Fort Worth insurance law attorneys and those in Hurst, Euless, Bedford, Grapevine, and other places in Tarrant County would be helping their clients by being aware of the case discussed here.
The case is an opinion issued by the Texas Supreme Court in 1984. The style of the case is, Jo Beth Warren Puckett et al. v. U.S. Fire Insurance Co. Here are some of the relevant facts and information of the case.
The case is a declaratory judgment action. The question presented is whether an insured’s failure to have his plane inspected need be the cause of an accident in order for the insurance company to avoid liability under an aviation policy for damages resulting from that accident. The trial court held that causation was not required and rendered summary judgment for, U.S. Fire Insurance Company. The court of appeals affirmed. The Texas Supreme Court reversed the judgments of both courts and remanded the cause for trial.

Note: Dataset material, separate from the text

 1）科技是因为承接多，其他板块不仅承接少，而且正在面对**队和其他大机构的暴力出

On July 18, 1981, a Cessna 337 aircraft jointly owned by Robert Holt and M. Hunter Puckett, and flown by Puckett, crashed near Pampa. Puckett and two passengers were killed, and a third passenger was seriously injured. U.S. Fire sued Holt and the administrators of Puckett’s estate, seeking a determination that it was not obligated to pay any damages or defend any claim arising out of the crash. The insurer relied on a clause in the policy suspending coverage “if the aircraft … airworthiness certificate is not in full force and effect.” Under federal law in effect at the time of the accident, the certificate was effective only so long as all maintenance requirements had been met. Those requirements included an annual inspection. The parties stipulated that no such inspection had been performed. Therefore, by virtue of federal regulation, the certificate had lapsed. The parties also stipulated, however, that the failure to have the plane inspected in no way caused the accident.
Most courts addressing the question have held that causation is not required for an insurance company to avoid liability on the basis of a breach of condition in an aviation policy.

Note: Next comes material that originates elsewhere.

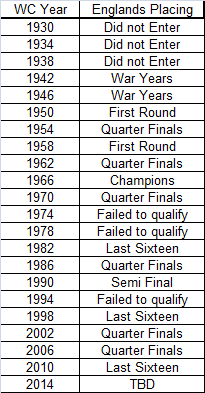Englands WC placing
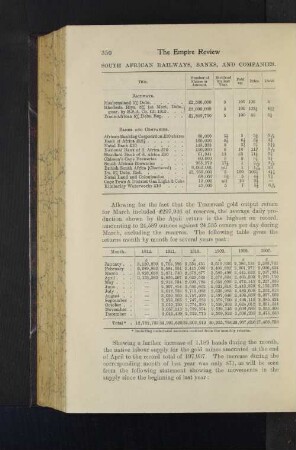 South African Railways, Banks, and Companies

The rule is by no means unanimous, however. Several courts have held that causation is required.
One commentator in an insurance law reference book written by J. Appleman, has referred to a causation requirement as the “modern trend.” Whether this is the modern trend is debatable. This Court does believe, however, that it is the better rule to require causation. Therefore, this court held that under the facts presented here, an insurer cannot avoid liability under an aviation liability policy unless the failure to inspect is either the sole or one of several causes of the accident.

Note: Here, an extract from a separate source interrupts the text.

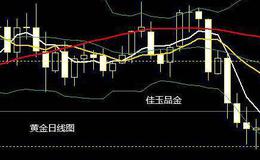 跳空攀援线的看图要点和操盘要点是什么？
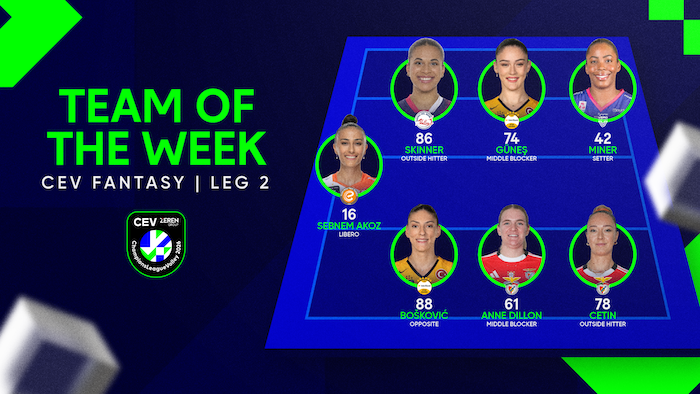 CEV Champions League công bố “Fantasy Team of the Week” — tôn vinh những ngôi sao tỏa sáng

It is well established that insurance policies are strictly construed in favor of the insured in order to avoid exclusion of coverage. This rule does not apply, however, when the term in question is susceptible of only one reasonable construction. Such is the case here. The insurance policy says in plain language that “there is no coverage under the policy if the aircraft … airworthiness certificate is not in full force and effect.” When there is no ambiguity, it is the court’s duty to give the words used their plain meaning. This policy did not require a causal connection between the breach of the policy and the accident.
The question remains, however, whether the clause as interpreted violates the public policy of this state. Puckett contended that allowing an insurance company to avoid liability when the breach of contract in no way contributes to the loss is unconscionable and ought not be permitted. The Court agreed. Here, the accident was caused by something–pilot error–unquestionably covered by the policy. It would be against public policy to allow the insurance company in this situation to avoid liability by way of a breach that amounts to nothing more than a technicality. If the Court held otherwise: it would actually be to the insurer’s advantage that the insured failed to renew the airworthiness certificate. In such event, the insurer would collect a premium but would have no exposure to risk because the policy would no longer be effective.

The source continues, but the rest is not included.